ASRaaS starts its recognition process by breaking the audio into “utterances,” or portions of audio identified by pauses in the audio stream. The default pause between utterances is set by the server (usually 500 ms, or half a second) but you can adjust it in the client with RecognitionParameters utterance_end_silence_ms.

Each result in the response contains information about an utterance, including statistics, transcription hypotheses of the utterance and its words, plus the data pack used for recognition. By default, several hypotheses are returned for each utterance, showing confidence levels as well as formatted and minimally formatted text of the utterance. (See Formatted text for the difference between formatted and minimally formatted text.)

Depending on the recognition parameters in the request, these results can include one or all utterances, and can show more or less of ASRaaS’s “thinking process” as it recognizes the words the user is speaking.
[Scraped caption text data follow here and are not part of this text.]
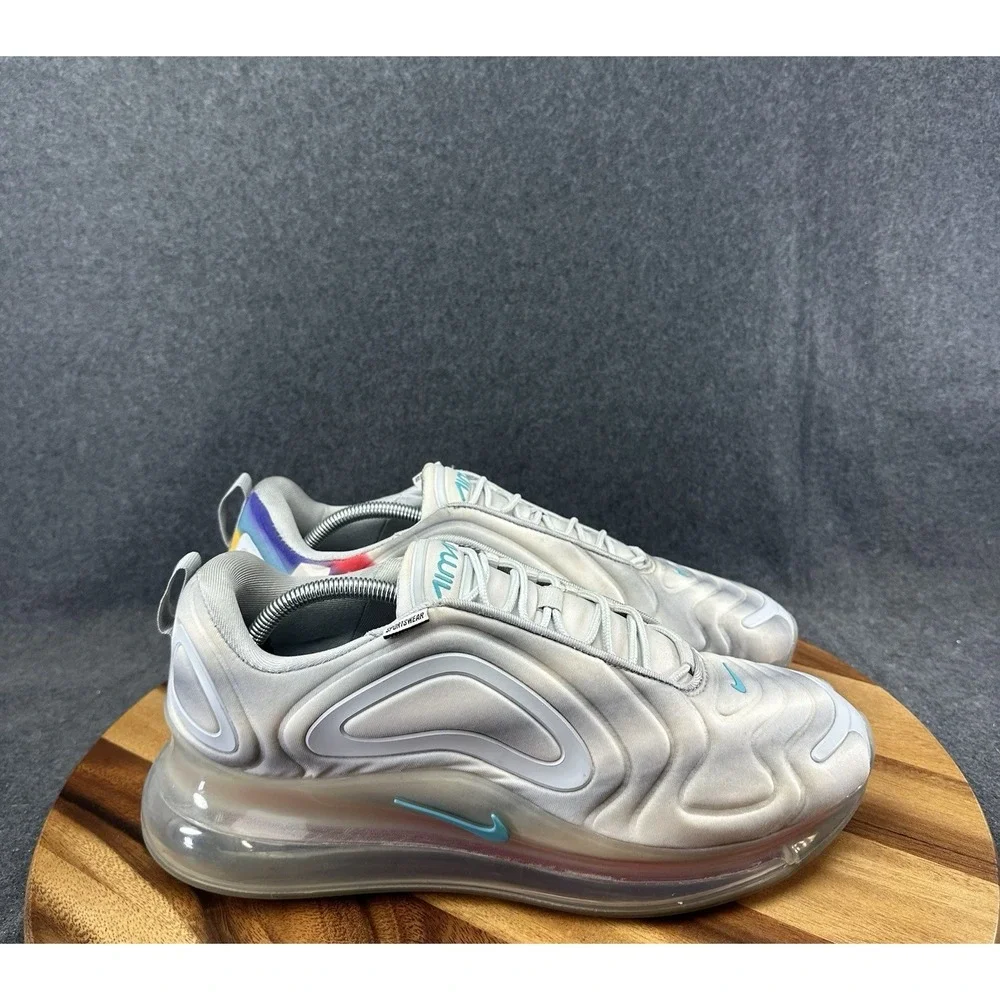 Nike Air Max 720 Pride Men's Running Shoes Grey AO2924 011 Size 12.5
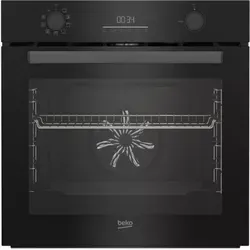 Beko b300 BBIE17302BMP, Medium, Elektrischer Ofen, 72 l, 2600 W, 72 l, Pyrolytisch - Schwarz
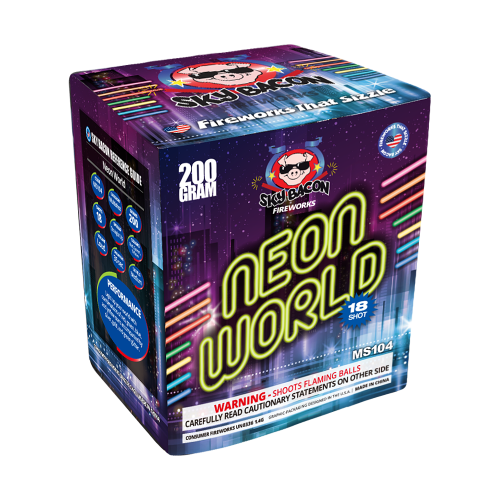 Neon World (Case)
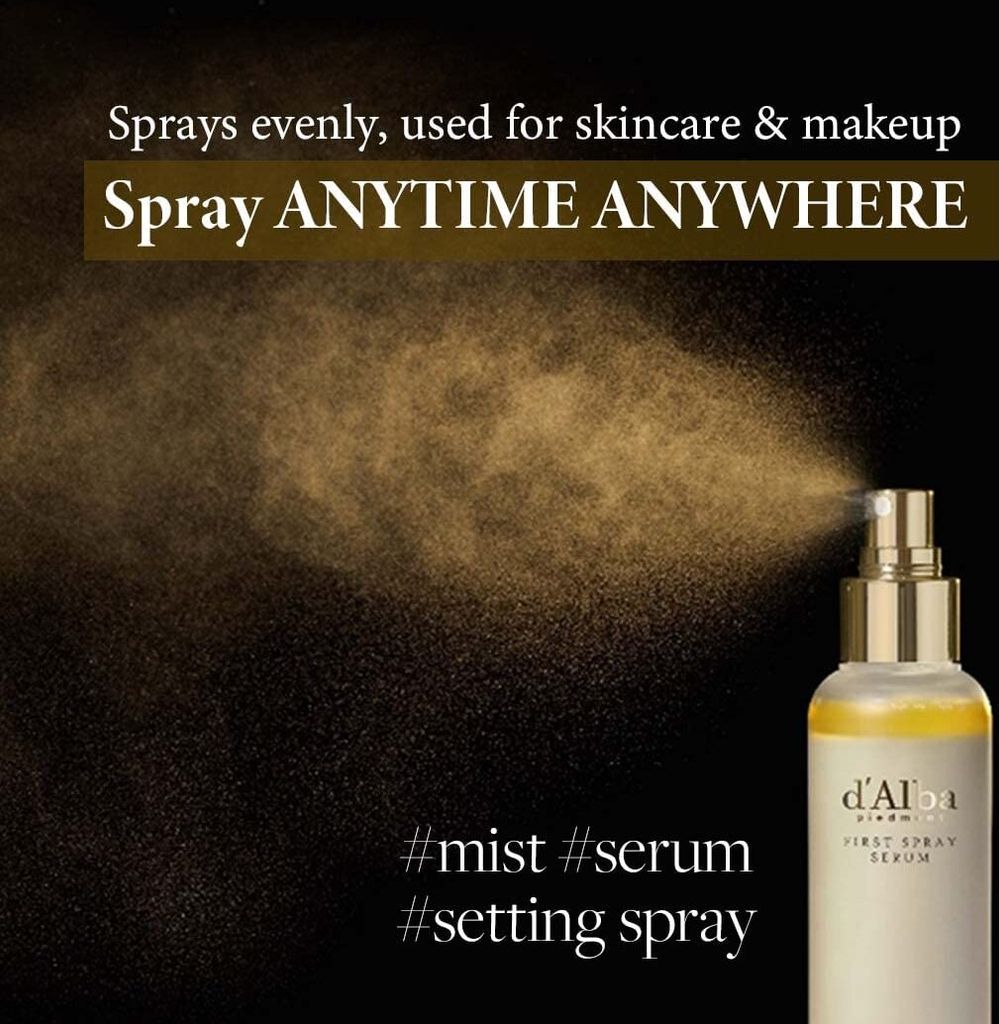 D'alba - White Truffle First Aromatic Spray Serum - Obrázek produktu 9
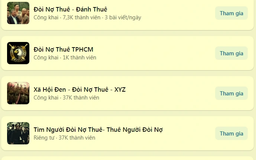 Admin duyệt đăng đòi nợ, bôi nhọ, bóc phốt: Coi chừng đi tù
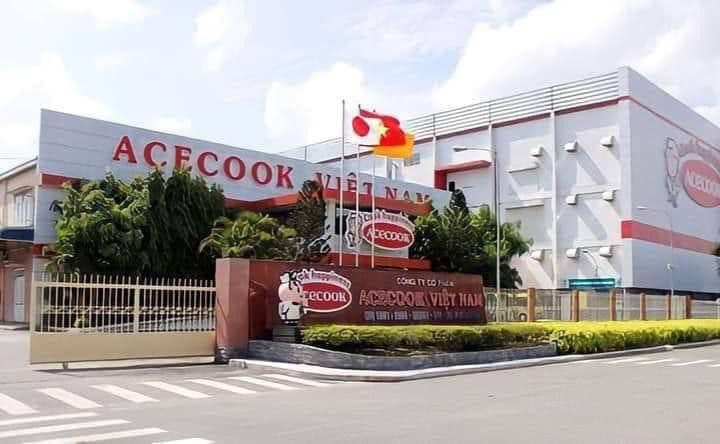 Công ty ACECOOK Việt Nam tại KCN Bàu Bàng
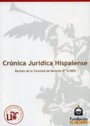 Crnica Jurdica Hispalense Revista de la Facultad de Derecho N3/2005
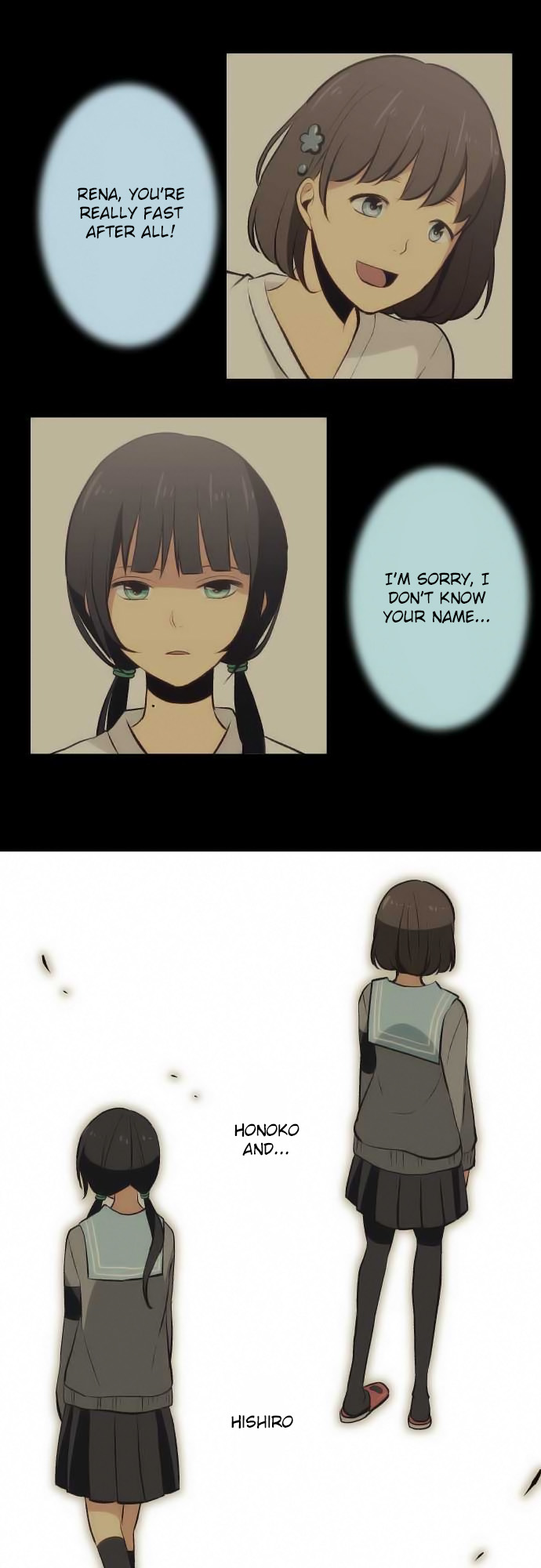 ReLIFE Chapter 32 page 6 - Chapter 32: Lunch Break at the Cafeteria
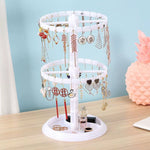 Load image into Gallery viewer, Multi-Layer Rotating Jewelry Storage Rack
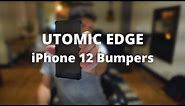 Utomic Edge iPhone 12 Pro Corner Bumper Protector (installation and quick overview of the case)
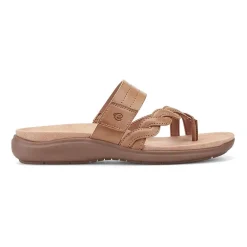 Easy Spirit Womens Waren Flat Sandals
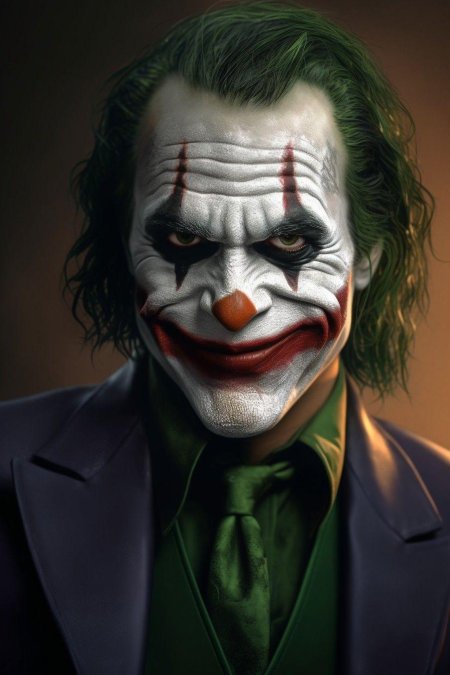 Хит леджер джокер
In this example, the result type is FINAL, meaning ASRaaS returns several hypotheses for each utterance but only the final version of each hypothesis.

With result type PARTIAL, the results can be much longer, with many variations in each hypothesis as the words in the utterance are recognized and transcribed.

stream ../../audio/weather16.wav
status {
  code: 100
  message: "Continue"
  details: "recognition started on audio/l16;rate=16000 stream"
}

start_of_speech {
  first_audio_to_start_of_speech_ms: 840
}

result {
  abs_start_ms: 840
  abs_end_ms: 5600
  utterance_info {
    duration_ms: 4760
    dsp {
      snr_estimate_db: 35.0
      level: 6657.0
      num_channels: 1
      initial_silence_ms: 260
      initial_energy: -34.87929916381836
      final_energy: -83.81700134277344
      mean_energy: 88.64420318603516
    }
  }
  hypotheses {
    confidence: 0.24500000476837158
    average_confidence: 0.8640000224113464
    formatted_text: "There is more snow coming to the Montreal area in the next few days."
    minimally_formatted_text: "There is more snow coming to the Montreal area in the next few days."
    words {
      text: "There"
      confidence: 0.6790000200271606
      start_ms: 260
      end_ms: 400
    }
    words {
      text: "is"
      confidence: 0.765999972820282
      start_ms: 400
      end_ms: 580
    }
    words {
      text: "more"
      confidence: 0.8619999885559082
      start_ms: 580
      end_ms: 860
    }
    words {
      text: "snow"
      confidence: 0.6949999928474426
      start_ms: 860
      end_ms: 1220
    }
*** More words here ***
*** More hypotheses here ***
  data_pack {
    language: "eng-USA"
    topic: "GEN"
    version: "4.12.1"
    id: "GMT20231026205000"
  }
}
*** Results for additional utterances here ***
status {
  code: 200
  message: "Success"
}
  Complete results showing multiple utterances and hypotheses  

See RecognitionResponse: Result for a description of the fields in the response.